Member of the Legislative Yuan
- In office 8 March 2010 – 1 February 2012
- Preceded by: Chiu Ching-chun
- Succeeded by: Hsu Hsin-ying
- Constituency: Hsinchu County
- In office 1 February 2005 – 1 February 2008
- Constituency: Taoyuan
- In office 1 February 1996 – 1 February 2002
- Constituency: Taoyuan

Personal details
- Born: 28 February 1957 (age 69) Beipu, Hsinchu County, Taiwan
- Party: Democratic Progressive Party
- Education: National Taiwan University (LLB) Soochow University (LLM) LMU Munich (PhD)

= Perng Shaw-jiin =

Taiwanese legal scholar and politician

Perng Shaw-jiin (彭紹瑾 (Péng Shàojǐn); born 28 February 1957) is a Taiwanese legal scholar and politician.
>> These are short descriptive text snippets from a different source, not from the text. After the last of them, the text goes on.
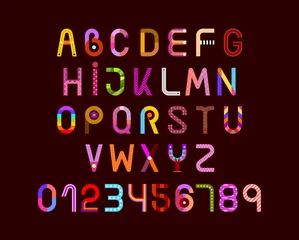 Foto op Plexiglas Decoratief lettertypeontwerp, letters en cijfers met verschillende kleurrijke patronen geïsoleerd op een donkere achtergrond. Elk object staat op een aparte laag in het vector EPS-bestand. ©  danjazzia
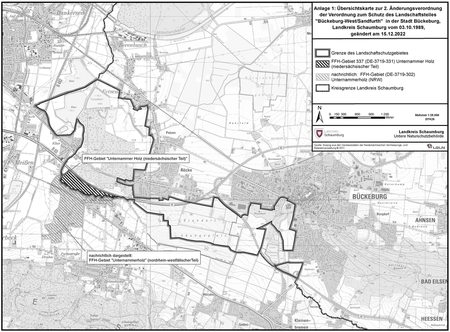 Übersicht der Verordnungskarte des Landschaftsschutzgebietes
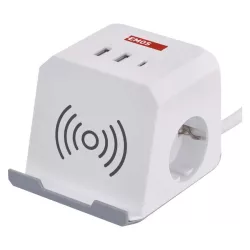 Hosszabbító kocka 2 m / 2 aljzat / fehér / 2×USB-A+1×USB-C+Qi / 1,5 mm2 P0222CQ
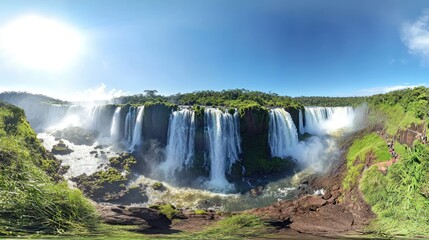 Fototapeta premium A panoramic shot of Iguazu Falls from the Argentinian side, with the waterfalls stretching across the horizon.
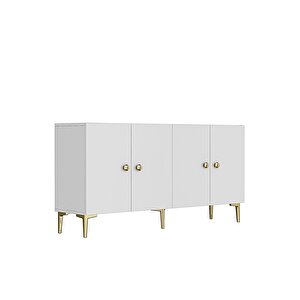 Ka1517bg Simple150 Konsol, Kahve Köşesi̇, Tv Sehpasi Beyaz-gold 150cm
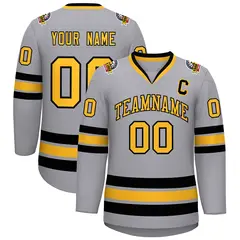 Gray Gold-Black Classic Hockey Jersey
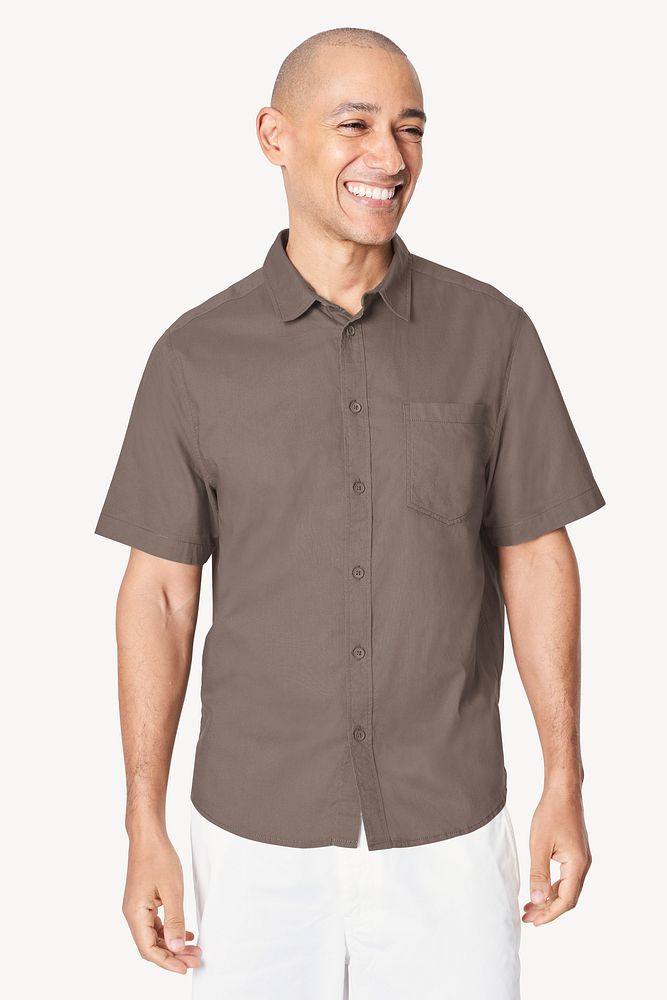 Men's brown shirt mockup, editable apparel & fashion psd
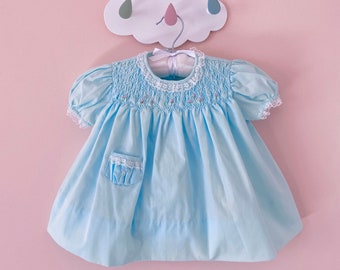 3-6 months: Vintage Baby Girl Blue Party Circle Dress Smocked Chest Round Collar Vintage Baby Girl Milestone Dress Alice in Wonderland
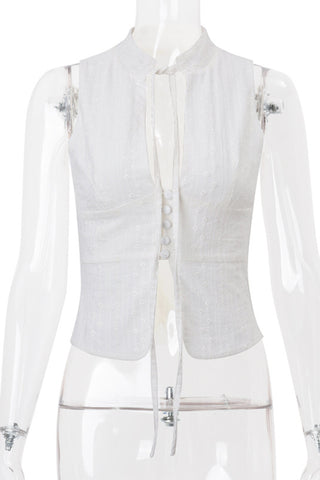 Button-Front Sleeveless Top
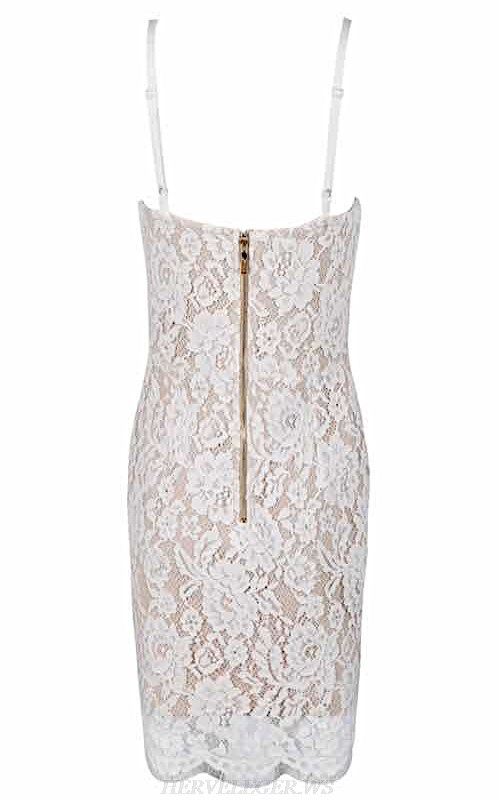 Herve Leger White Scalloped Lace Bandage Dress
==Education and early career==
Perng graduated from National Taiwan University with a Bachelor of Laws (LL.B.) and earned a Master of Laws (LL.M.) from Soochow University. He then completed doctoral studies in Germany, where he earned his Ph.D. in law from LMU Munich in 1994. His doctoral dissertation was titled, "Theorie und Praxis des Parteiverbotssystems mit Blick auf seine Entwicklung in Deutschland".

After receiving his doctorate, Perng taught law at Soochow and Ming Chuan University and worked for the Taoyuan Public Prosecutor's Office in the early 1990s.

==Political career==
Perng was first named to the Legislative Yuan in 1996, and stabbed by gang members his first year in office. He ran for Taoyuan County Magistrate in 2001, losing to Eric Chu. Perng returned to the Legislative Yuan from 2005 to 2008, before stepping down. The election of Chiu Ching-chun as Hsinchu County Magistrate in 2009 triggered a by-election for his legislative seat. Perng ran for the position and won by 15,283 votes. Perng represented Hsinchu County until 2012, when he was succeeded by Hsu Hsin-ying.